Stacy Ogbeide, PsyD, ABPP, CSOWM
Dept. of Family & Community Medicine
UT Health San Antonio
2020 has been quite the year thus far. Loss of social connectedness continues to be a central theme in our national conversations as a result of the COVID-19 pandemic (e.g., physical/social distancing). Social connectedness in the U.S., however, has been eroding at an increasing rate for the past decade even before the COVID-19 pandemic. Robert Putnam in his bestselling book, Bowling Alone, documents the decline of social capital and community in the U.S. since the 1950’s. Social media has not necessarily helped either. Research shows that even with the rise of social media, people are reporting feeling socially disconnected at increasing rates (Loprest, Spaulding, & Nightingale, 2019) which is also not great for one’s health (Holt-Lunstad et al., 2015). I am leading the article with decline of social connectedness because social disconnection is a very palpable issue for early career professionals (ECP’s) – especially when it comes to one’s career trajectory and career choices (O’Shaughnessy & Burnes, 2014; Pienaar, Holmström, Hauer, & Schéle, 2018). There are many ways to address this, but I wanted to spend a little bit of time discussing professional mentoring and why ECP’s (or professionals in general) should seek this support at some point in their career. Mentorship is common in academia and it can be helpful for those in clinical practice (e.g., private practice, community health center) and in consulting (e.g., addressing organizational behavior) as well.
I have experienced mentorship at different levels throughout my training and professional experiences – from working with a guidance counselor in high school, to being assigned an advisor in college. There are many definitions of mentorship available, the most impactful for me is: a mentor is someone who serves as a guide who even though they have seen what lies ahead, is willing to walk beside you – leading but never leaving you behind on your journey (Boyd, 1988). Even though someone may have had personal experience with informal and formal variations of mentorship early in their training, it does not always come naturally to continue this process once training is complete and one is launched into the world of being an “ECP.” Luckily, there are many mentoring options available.
You may have been accustomed to having an assigned mentor or advisor during your doctoral training who guided you on research, dissertation progress, and where to apply for internship. There are peer mentoring models and group mentoring models that are effective. There are also levels of mentoring such as teaching, sponsorship (creating opportunities, opening doors), support, intervention (identify and fix a problem), and critique (tell you the hard stuff). A mentor can also serve at one or more of these levels OR you can have more than one mentor who can address these different levels. The important piece of this is having mentors speaking to each of these levels during your professional journey (Brown-Speights et al., 2018). Some mentors will be in your life for a lifetime and some just for a season – once you establish goals and objectives for mentorship, one will have a better idea of the timeline for mentorship.

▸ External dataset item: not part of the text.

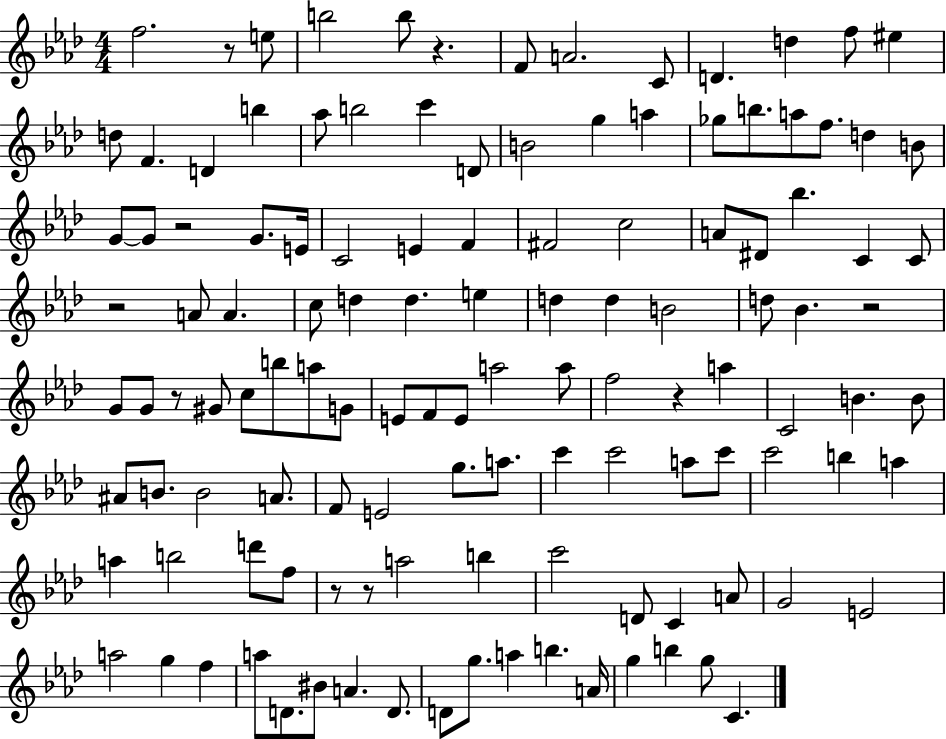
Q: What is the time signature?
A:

Well, now that you know the different mentoring options, what are the next steps? Here is a list of qualifications to consider when choosing someone to serve as a mentor: strong interpersonal skills, flexibility, takes initiative, accessibility, tenacious, willing to give recommendations, and lastly, someone who is willing to inspire, invest, and support YOU (Bhagia & Tinsley, 2000). But let us not forget – mentoring is a two-way street. Here is a list of qualifications for the mentee: clear goals and objectives (what do you want/need; check out the helpful mentee self-evaluation tool by Carey & Weissman, 2010), open to feedback, active listener, and respectful of the mentor’s time and input (Brown-Speights et al., 2018). Many of you will be (or already are) mentors for trainees or other professionals, which makes one both the mentee and the mentor. This illustrates the dynamic process of the mentoring relationship and why it can be powerful and energizing when the relationship is balanced.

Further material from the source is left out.